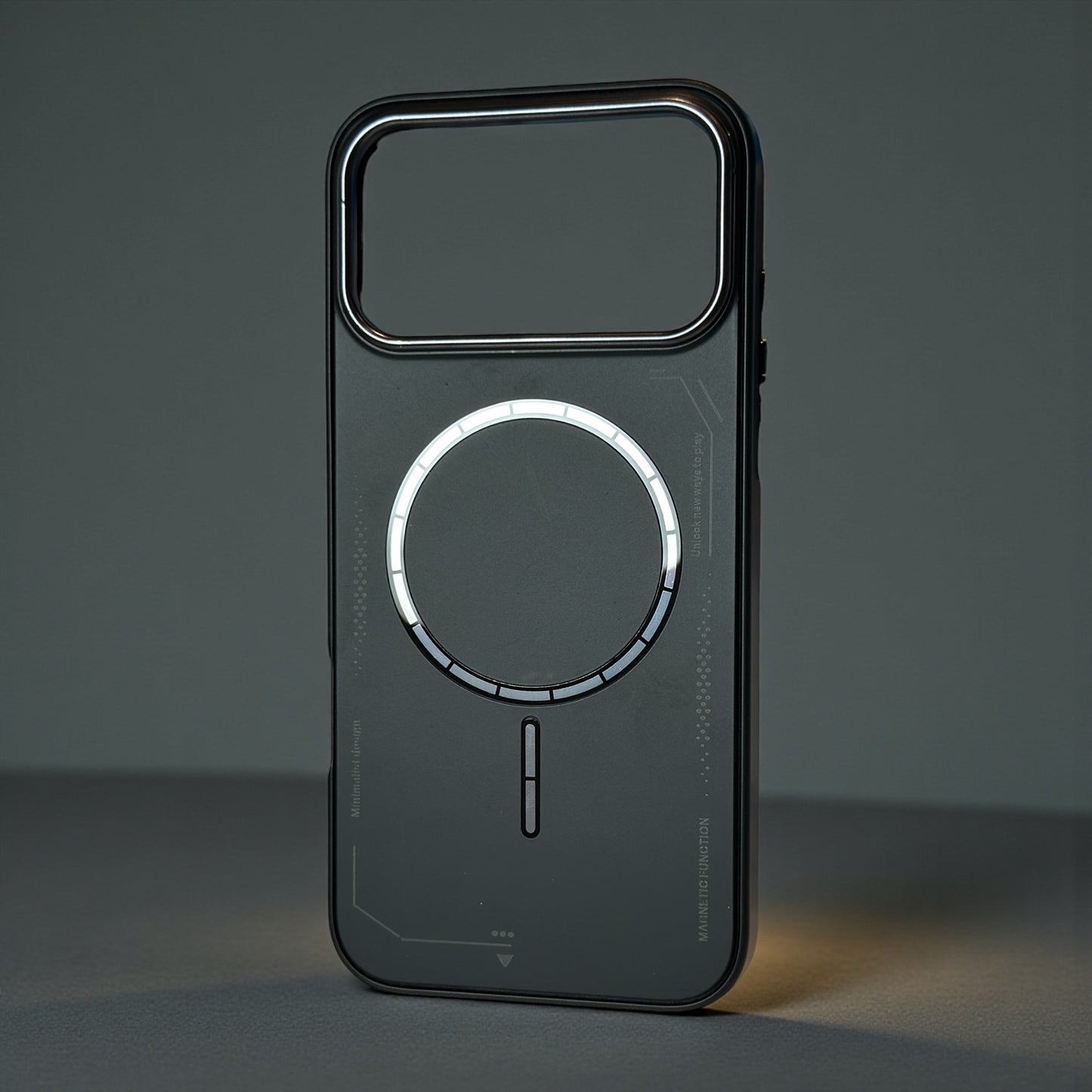 iconic Magnetic Case - iPhone 15,16 & 17 Pro Max Support MagSafe Charge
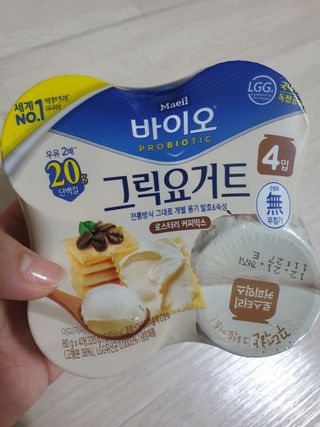 매일바이오 그릭요거트 오리지널 플레인 4개, 로스터리 커피믹스 4개 — 5점을 준 리뷰어가 2021년 12월 올린 사용 사진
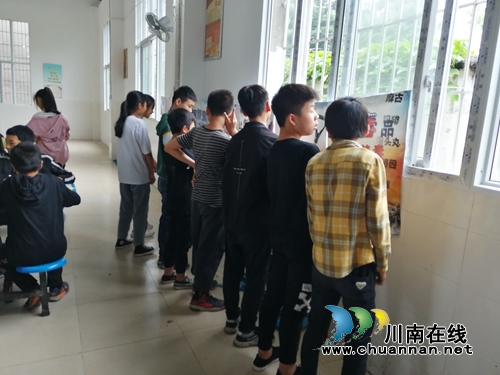 宜宾江安县五矿镇开展“6•26”法治、禁毒知识进校园宣传活动(图3)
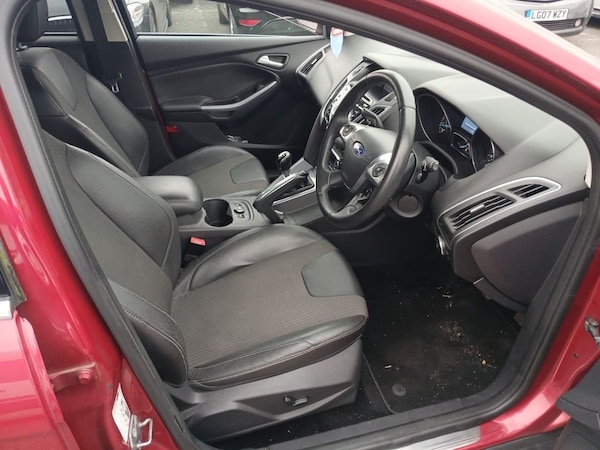 Used Ford Focus 2012 for sale - 76303956: Photo 11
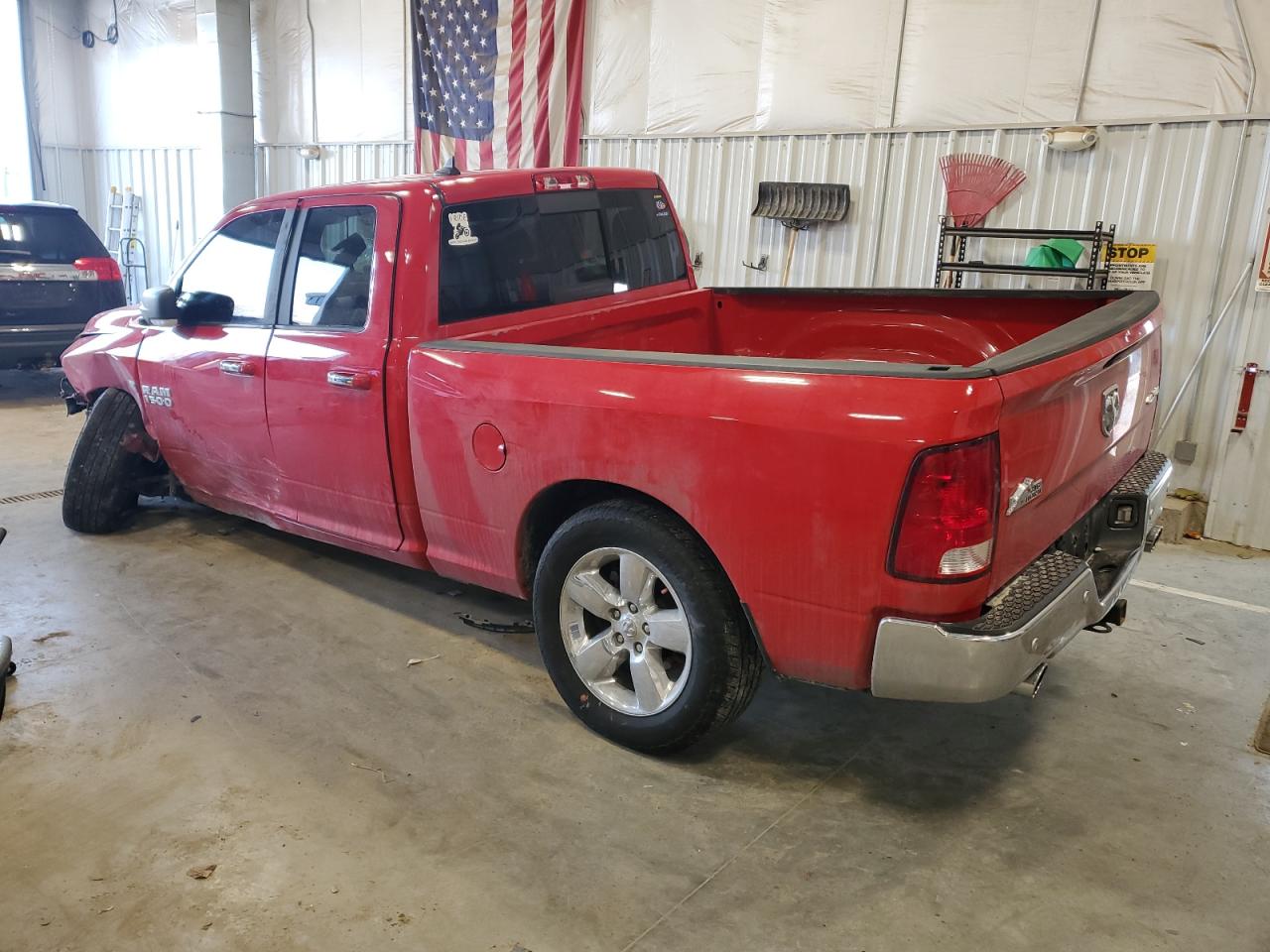 2016 RAM 1500 - Image 2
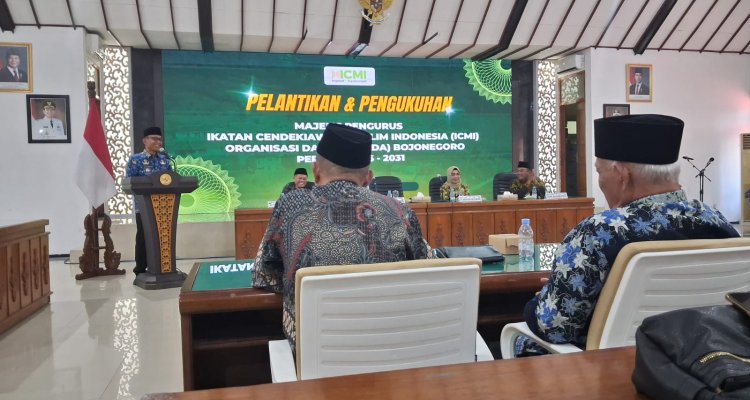 Bupati Bojonegoro Setyo Wahono memberikan sambutan pada Pelantikan ICMI Orda Bojonegoro Periode 2026–2031.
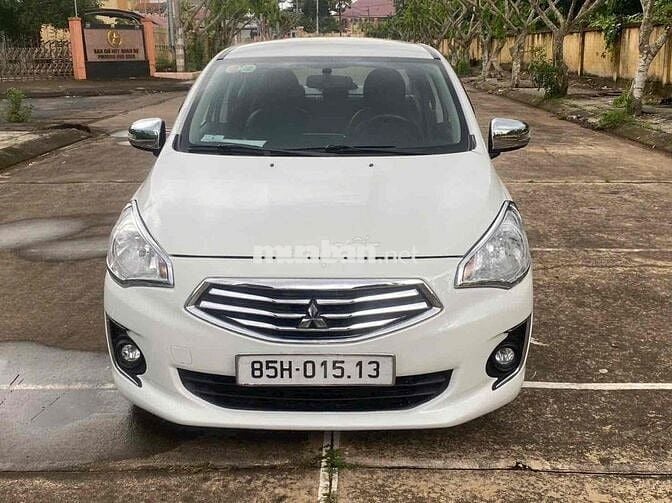 Mitshubishi attrage số tự động rin đẹp fun đồ chơi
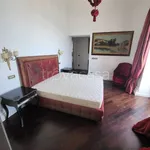 Rent 6 bedroom apartment of 200 m² in Napoli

Exercise directions:
Retype, word for word, only the line holding "Used Ford Focus" and the lines after it through the final line of the listing above, and leave every picture out.

Response to this exercise:
 Used Ford Focus 2012 for sale - 76303956: Photo 11
 2016 RAM 1500 - Image 2
 Bupati Bojonegoro Setyo Wahono memberikan sambutan pada Pelantikan ICMI Orda Bojonegoro Periode 2026–2031.
 Mitshubishi attrage số tự động rin đẹp fun đồ chơi
 Rent 6 bedroom apartment of 200 m² in Napoli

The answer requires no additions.